### MATERIALS PROVIDED
*-*-*

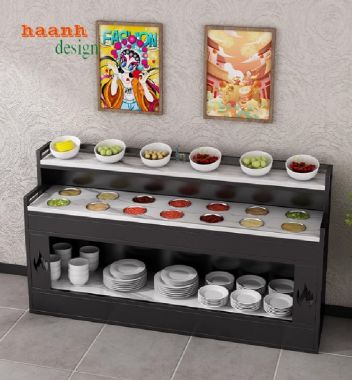 Kệ đựng gia vị nhà hàng gỗ Melamine – Tiện ích, chuyên nghiệp-BFF 005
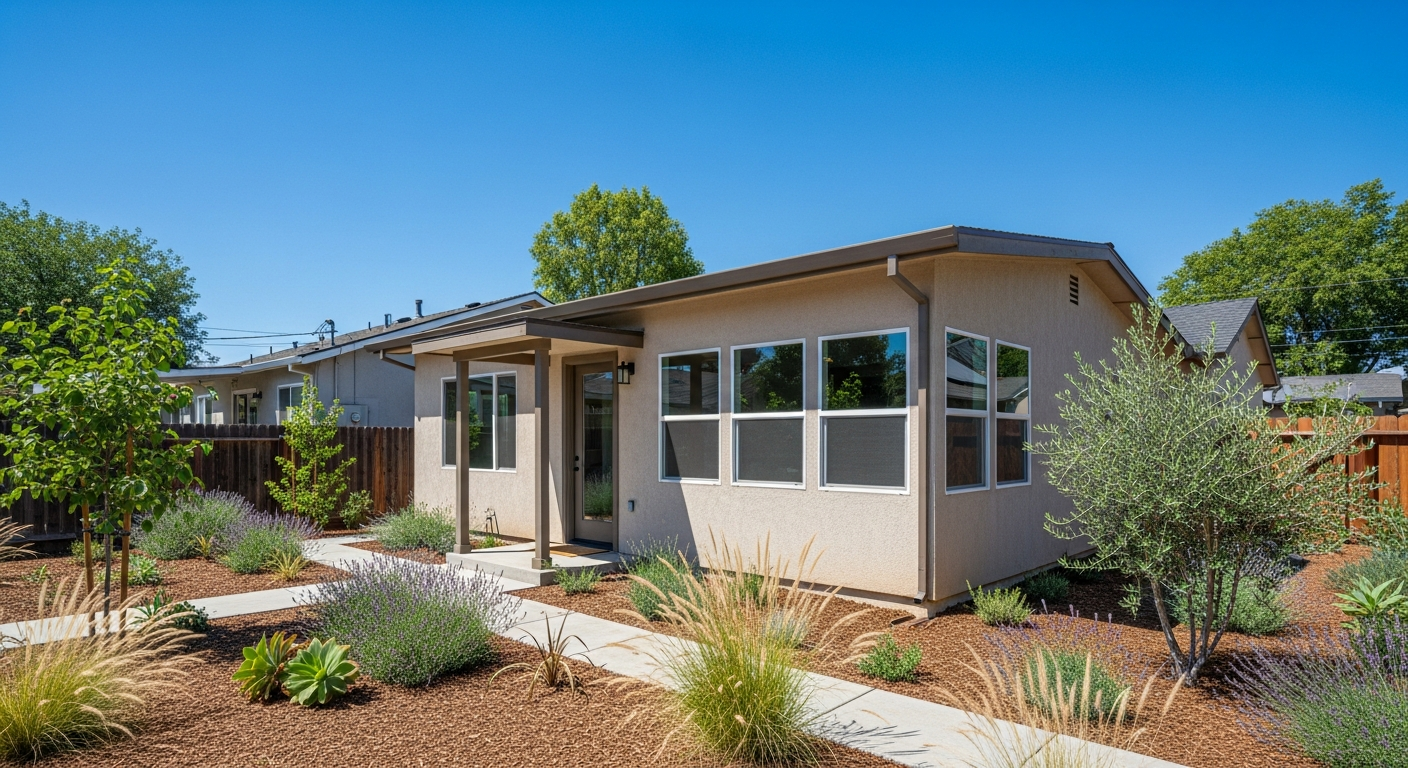 Modern detached accessory dwelling unit (ADU) in a Fresno, California backyard with the main house behind it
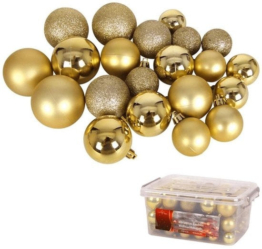 Weihnachtsgeschenke Weihnachtskugeln Set Gold - 70 Stück Weihnachtskugeln aus Kunststoff - inkl. Weihnachtskugeln Aufbewahrungsbox - Ã˜4/5/6 cm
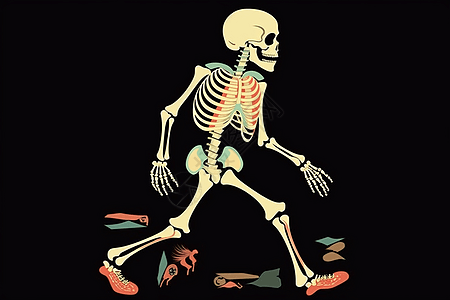 腿骨儿童骨骼模型的插图插画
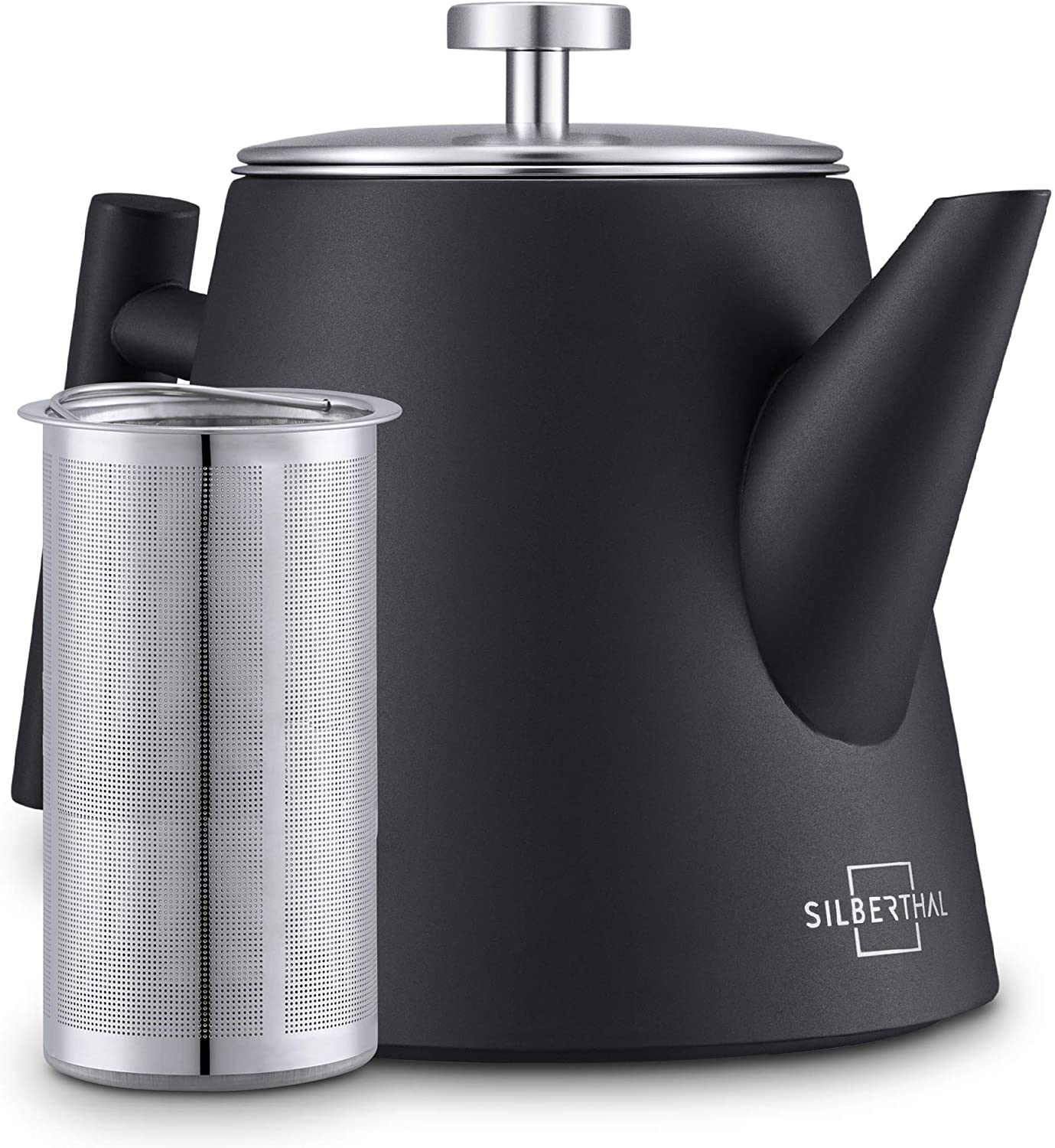 SILBERTHAL Insulated Double Walled Teapot - Infuser for Loose Tea- Stainless Steel - 1L / 6 Cups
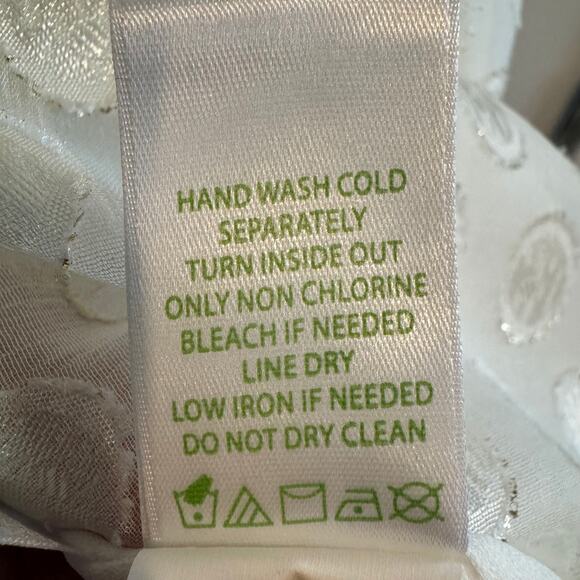 New Lilly Pulitzer Polka Dot Sheer Blouse White Round Neck Zip Long Sleeve Sz L - Picture 5 of 5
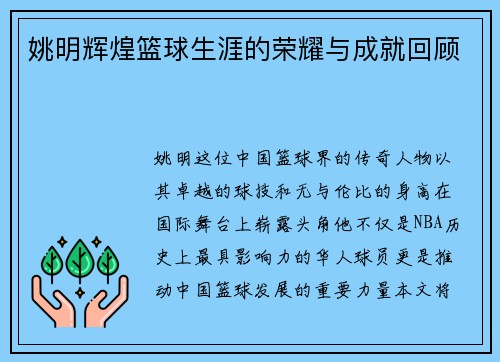 姚明辉煌篮球生涯的荣耀与成就回顾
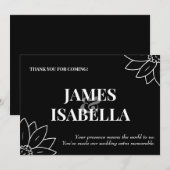 Trendy zwart-witte platte bedankkaart (Voorkant / Achterkant)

*-*-*

### EXERCISE AIM
Leaving every picture aside, reproduce exactly the lines above from the one with "Modern detached accessory" up to and including the one with "SILBERTHAL Insulated Double", and no others.

### RESULT FOR THIS TASK
 Modern detached accessory dwelling unit (ADU) in a Fresno, California backyard with the main house behind it
 Weihnachtsgeschenke Weihnachtskugeln Set Gold - 70 Stück Weihnachtskugeln aus Kunststoff - inkl. Weihnachtskugeln Aufbewahrungsbox - Ã˜4/5/6 cm
 腿骨儿童骨骼模型的插图插画
 SILBERTHAL Insulated Double Walled Teapot - Infuser for Loose Tea- Stainless Steel - 1L / 6 Cups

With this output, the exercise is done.